Personal information
- Born: 24 November 1991 (age 34) Łowicz, Poland

Chess career
- Country: Poland
- Title: Grandmaster (2012) International Solving Grandmaster (2011)
- FIDE rating: 2519 (July 2026)
- Peak rating: 2685 (July 2016)
- Peak ranking: No. 52 (July 2016)

= Kacper Piorun =

Polish chess grandmaster (born 1991)

Kacper Piorun (born 24 November 1991) is a Polish chess player who received the FIDE title of Grandmaster (GM) in September 2012. He is a six-time winner of the World Chess Solving Championship, and two-time winner of the Polish Chess Championship.

== Career ==
In 2007, Piorun won the Polish under-16 chess championship in Łeba. In 2009, he finished third in the World Youth Chess Championship.
In 2010, he won the Rubinstein Memorial in Polanica-Zdrój. In 2013, he won the Polish Blitz Chess Championship in Bydgoszcz. In 2015, Piorun took clear first place at the 17th Open of Sants, Hostafrancs & La Bordeta in Barcelona and at the 19th Open International Bavarian Chess Championship in Bad Wiessee. He has also competed successfully in several Polish Team Chess Championships. He won the Polish chess championship in 2017 and in 2020.

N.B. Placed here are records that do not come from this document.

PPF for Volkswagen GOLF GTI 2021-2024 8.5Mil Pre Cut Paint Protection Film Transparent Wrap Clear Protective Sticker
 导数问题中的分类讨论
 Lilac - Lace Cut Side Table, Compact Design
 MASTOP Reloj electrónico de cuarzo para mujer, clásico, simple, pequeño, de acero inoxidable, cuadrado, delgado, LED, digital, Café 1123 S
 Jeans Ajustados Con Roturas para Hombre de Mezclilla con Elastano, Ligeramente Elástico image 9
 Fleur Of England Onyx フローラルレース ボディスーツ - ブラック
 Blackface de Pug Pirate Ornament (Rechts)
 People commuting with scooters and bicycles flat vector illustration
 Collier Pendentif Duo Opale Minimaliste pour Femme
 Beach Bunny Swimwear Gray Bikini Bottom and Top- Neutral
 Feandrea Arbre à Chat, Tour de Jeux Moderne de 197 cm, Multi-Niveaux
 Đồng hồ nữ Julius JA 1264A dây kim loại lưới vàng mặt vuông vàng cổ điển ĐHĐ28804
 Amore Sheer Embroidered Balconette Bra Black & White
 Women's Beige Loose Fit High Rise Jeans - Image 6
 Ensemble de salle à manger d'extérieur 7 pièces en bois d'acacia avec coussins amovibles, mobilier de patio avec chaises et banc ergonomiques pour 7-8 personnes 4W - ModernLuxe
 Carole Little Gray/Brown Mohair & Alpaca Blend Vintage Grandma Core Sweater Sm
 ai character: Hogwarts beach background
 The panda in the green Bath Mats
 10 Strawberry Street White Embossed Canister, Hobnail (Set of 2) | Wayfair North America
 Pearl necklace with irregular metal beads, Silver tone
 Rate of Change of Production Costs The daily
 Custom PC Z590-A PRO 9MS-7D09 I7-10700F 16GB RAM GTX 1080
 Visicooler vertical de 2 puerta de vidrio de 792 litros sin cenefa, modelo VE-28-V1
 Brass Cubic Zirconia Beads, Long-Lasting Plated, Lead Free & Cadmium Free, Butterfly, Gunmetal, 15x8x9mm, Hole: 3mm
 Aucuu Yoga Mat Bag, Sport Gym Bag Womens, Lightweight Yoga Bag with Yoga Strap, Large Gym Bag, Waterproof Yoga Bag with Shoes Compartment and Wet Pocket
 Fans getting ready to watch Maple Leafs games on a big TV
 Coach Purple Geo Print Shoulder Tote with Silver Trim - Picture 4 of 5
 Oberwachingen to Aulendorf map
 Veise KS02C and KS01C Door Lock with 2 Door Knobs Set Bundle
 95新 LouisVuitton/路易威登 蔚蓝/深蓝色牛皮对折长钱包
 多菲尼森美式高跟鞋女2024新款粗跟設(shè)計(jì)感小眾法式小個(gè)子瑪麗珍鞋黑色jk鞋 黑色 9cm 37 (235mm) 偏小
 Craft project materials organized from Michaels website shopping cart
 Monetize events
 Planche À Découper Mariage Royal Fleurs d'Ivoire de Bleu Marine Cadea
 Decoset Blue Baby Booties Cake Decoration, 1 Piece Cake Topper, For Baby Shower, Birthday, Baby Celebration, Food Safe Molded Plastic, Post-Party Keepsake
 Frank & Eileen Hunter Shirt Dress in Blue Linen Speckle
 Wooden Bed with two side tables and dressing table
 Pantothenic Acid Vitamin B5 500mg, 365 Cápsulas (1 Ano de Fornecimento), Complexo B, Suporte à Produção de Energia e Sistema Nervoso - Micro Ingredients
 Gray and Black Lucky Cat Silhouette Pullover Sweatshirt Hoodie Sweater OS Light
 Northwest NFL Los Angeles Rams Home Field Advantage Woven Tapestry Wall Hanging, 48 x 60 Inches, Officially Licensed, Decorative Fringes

Piorun played for Poland in the European U18 Team Chess Championship in 2008, winning two gold medals (team and individual on board 3), and 2009, winning the team silver. He took part in the 2013 European Team Chess Championship in Warsaw, playing on board 4 for Poland's second team.

Piorun is an excellent chess problem solver. In 2011, he won the individual World Chess Solving Championship in Jesi and became an International Solving Grandmaster as a result. Piorun won the world individual title also in 2014 in Bern, 2015 in Ostróda and 2016 in Belgrade.
He won team gold with Poland at the World Chess Solving Championship in Jesi 2011, Kobe 2012, Batumi 2013, Bern 2014, Ostróda 2015, Belgrade 2016 and Dresden 2017 events.

During the 2018 Chess Olympiad in Batumi, he defeated the thirteenth best player in the world, Hikaru Nakamura, and claimed fourth place overall with the Polish team. At the 2022 Chess Olympiad he was part of the Polish team, that came at place 9 in the final results.

He tied for 3rd to 11th place in the 2019 European Individual Championship with David Anton Guijarro, Ferenc Berkes, Niclas Huschenbeth, Sergei Movsesian, Liviu-Dieter Nisipeanu, Grigoriy Oparin, Maxim Rodshtein, and Eltaj Safarli.

In May 2024, in Rzeszów he ranked in 6th place in Polish Chess Championship.